#### Problem description:
Lines from the one holding "Small Batch Freeze" through the end of the entries, inclusive, form the whole output; reproduce them exactly and omit pictures.

(Dataset items)
*** Begin section ***
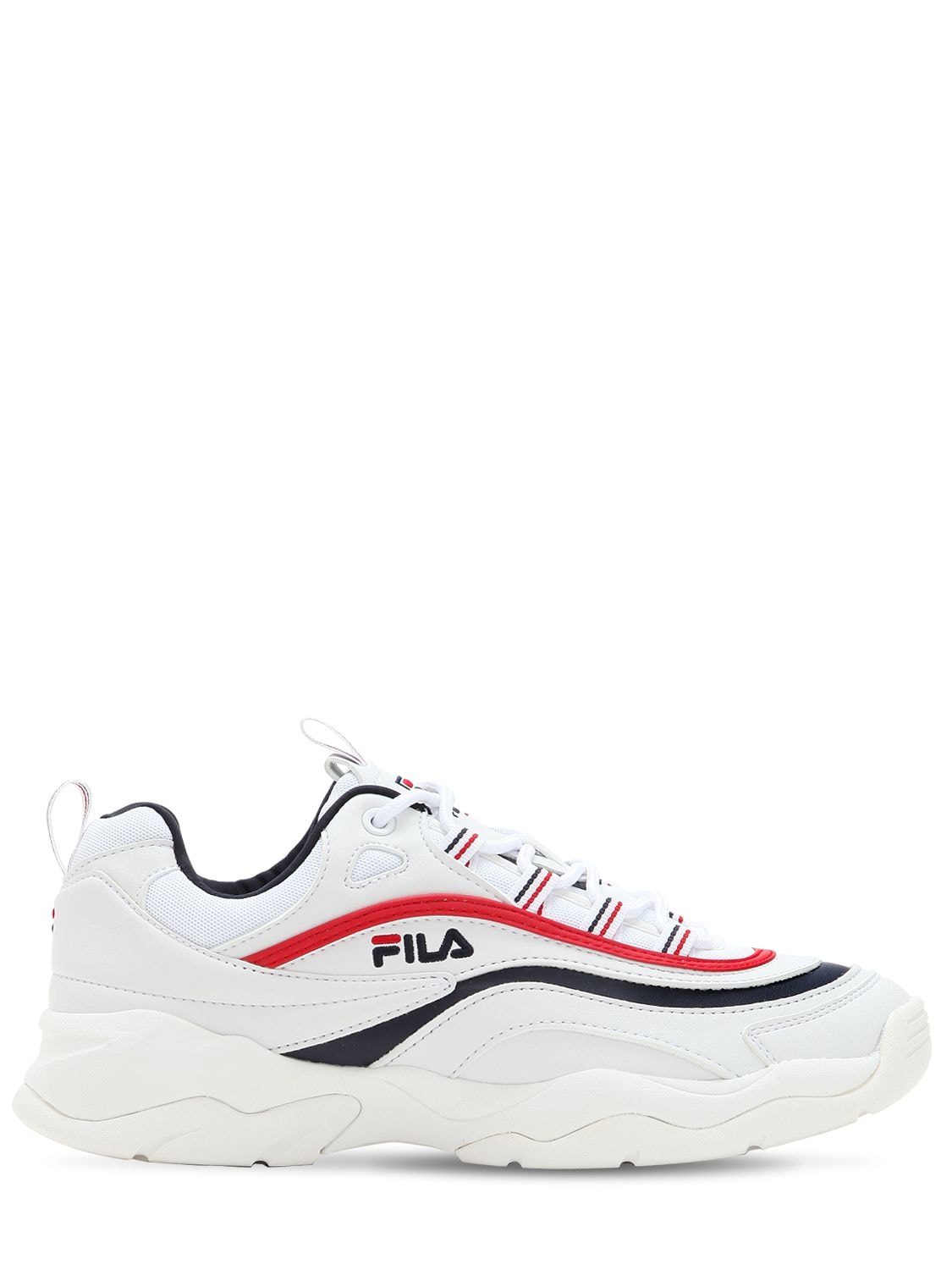 FILA RAY DISRUPTOR LEATHER PLATFORM trainers,68IWLE009-MTUW0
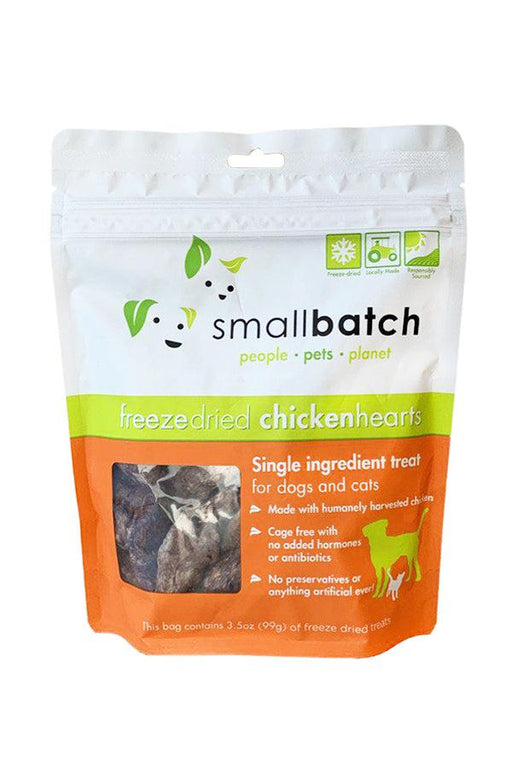 Small Batch Freeze Dried Chicken Hearts Dog Treats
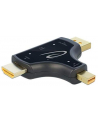 DeLOCK 3in1 Monitor Adapter HDMI / DisplayPort / Mini DisplayPort> HDMI (anthracite) - nr 1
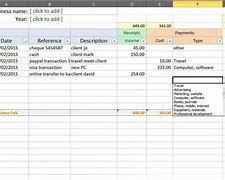 Image result for Bookkeeping Excel File Template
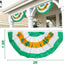 8 Banderas San Patricio 3x1.5ft Plisadas Irlandesas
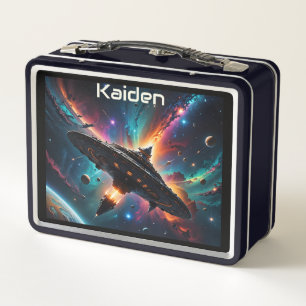 Undocking Kid's Metal Lunchbox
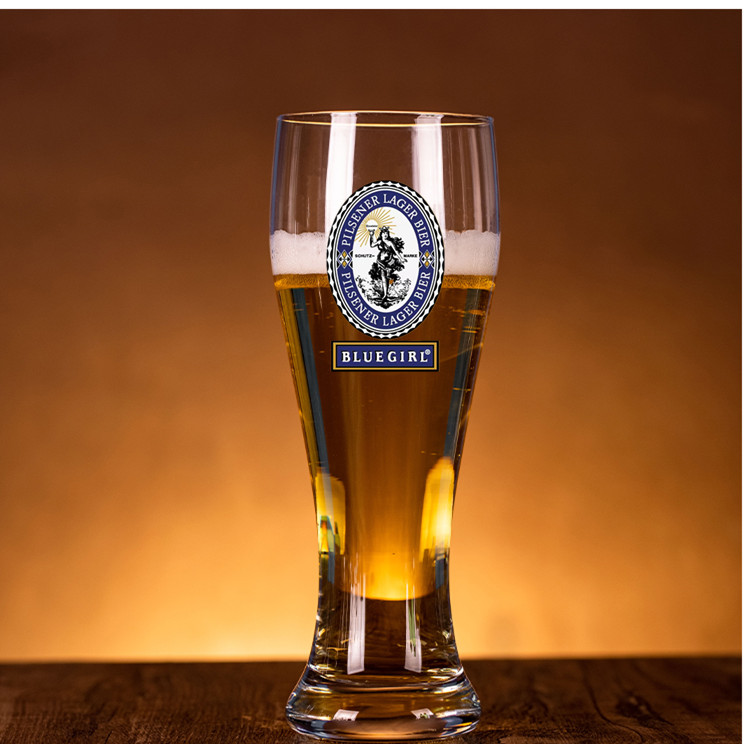 蓝妹blue啤酒杯定制logo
*** End section ***
#### Your response:
 Small Batch Freeze Dried Chicken Hearts Dog Treats
 DeLOCK 3in1 Monitor Adapter HDMI / DisplayPort / Mini DisplayPort> HDMI (anthracite) - nr 1
 Image result for Bookkeeping Excel File Template
 8 Banderas San Patricio 3x1.5ft Plisadas Irlandesas
 Undocking Kid's Metal Lunchbox
 蓝妹blue啤酒杯定制logo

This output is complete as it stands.